In response to the Covid-19 crisis, CW Applied Technology designed and manufactured its Portable Room UV-C Steriliser on site in Shannon, Co Clare. In the five years the company has been in business it’s the first product it has manufactured and sold itself; its usual remit is to design and manufacture for other people.
The device has proved popular with hoteliers and in nursing homes. In response to feedback, a few changes have been made to the original design.
Said John O’Connell, managing director, CW Applied Technology: “We found that if the product was raised about six inches higher than it originally was, it would get over the edge of the bed and open up more space for flooding the room with UV-C light. We’ve made that adjustment now. We've also made it more usable in the sense that it can be wheeled without disassembly from one room to the next.
“Now you just put it together, set it up, run it, then wheel it into the next room and repeat the process. Those are small things, but they’re actually very important things, particularly in a hotel, where time is important [for] releasing rooms for the next customer.”
There are more plans to add more tech to the device but, given the circumstances businesses are currently facing to survive, CW was aiming for a product with a lower price point than others on the market.
“They needed something that worked and was quick and easy to deploy and didn’t need all the bells and whistles at this point. We’ll develop it more and add certain features, but that’ll raise costs and we are conscious of that.”
Another thing that has really appealed is the fact that the device is effective without the overuse of harmful chemicals.
“No virus has been found yet that is immune to UV, and it’s all down to the length of time you expose the virus or bacteria to the UV-C light,” said O’Connell. “We didn't want to have a situation where we were solving a problem, but potentially creating another one – we didn't want to be spraying chemicals or adding more chemical disinfectants to the environment.
Once it has been sterilised, the room or office is reusable immediately. There are no potential side effects for people with skin conditions, underlying health conditions or allergies as there is no residual effect. Also, there is no long-term damage to carpets, curtains or furniture – chemicals and detergents could potentially damage these over time – something hoteliers Michael Vaughan of Vaughan Lodge and Mary Fennin-Byrne of Clanard Court both said encouraged them to buy the product.
The electrical manufacturing company have remained busy over the recent difficult period with the B2B side of the operation. “We are working on a project around solar lighting for a US company and also a project to help those suffering from Parkinson’s. Freeze of gait is a problem for people with the disease and we're working on developing a product that could help them to unfreeze, if you like, in those situations.”

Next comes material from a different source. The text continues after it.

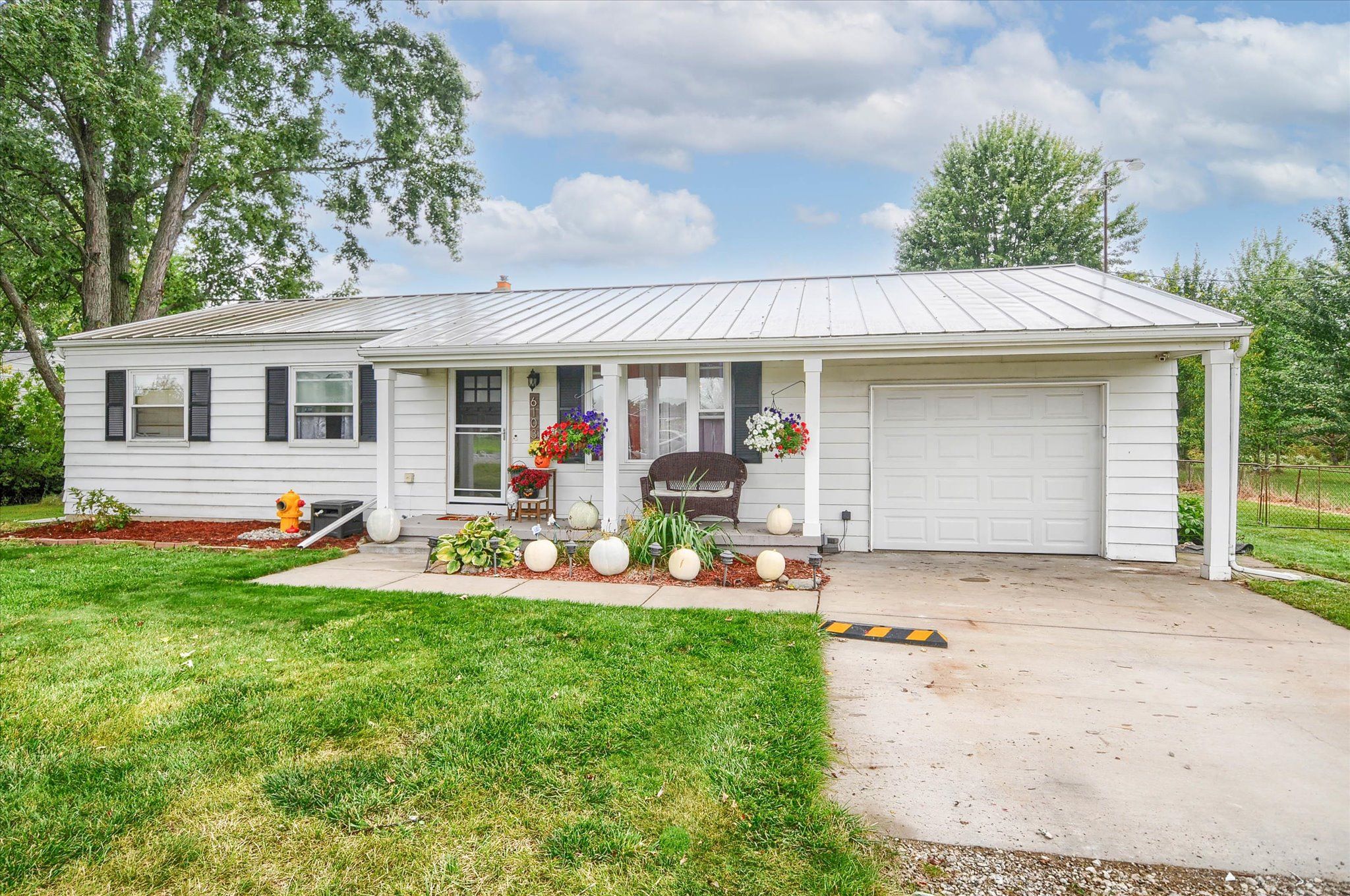 Jennings Rd, Mount Morris, MI 48458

The Medtech industry had to react quickly in response to Covid-19. In some areas this opened up opportunities where, ordinarily, red tape might have slowed down innovation. This is something the boss of CW relished, and hopes will continue.
“I think the industry has reacted very well, we’ve made a lot of progress in a very short period of time. Crisis is always good for innovation and I think the industry has reacted quite well to that and there’s a lot more to be done, I would hope that it won’t cease now just because maybe the virus is declining a little.
“There are certainly big lessons to be learned from the level of innovation that we've been able to achieve. That should not be dismissed as just something which happens in a crisis. We should be open to that possibility – that it can happen all the time. Not just in Ireland, [but] in a lot of western countries as well, we tend to be followers instead of leaders when it comes to supporting start-ups or supporting innovation and I think that applied pretty much in this case, as well. There is talk about doing some back-dating of financial supports for innovation work that began in February or March. If that happens, that’s great I hope it does happen, for everyone, not just for me.”
Supporting start-ups and innovation is a passion for O’Connell. Every month, CW hosts an ideation session on site in Shannon where budding entrepreneurs can pitch their ideas and get support from 12 different voices within their industry. “The general feeling is that in two hours, you get the benefit of about 18 months. [The entrepreneurs] also develop a network, because all of these people that come in to help are keen to continue to help afterwards.”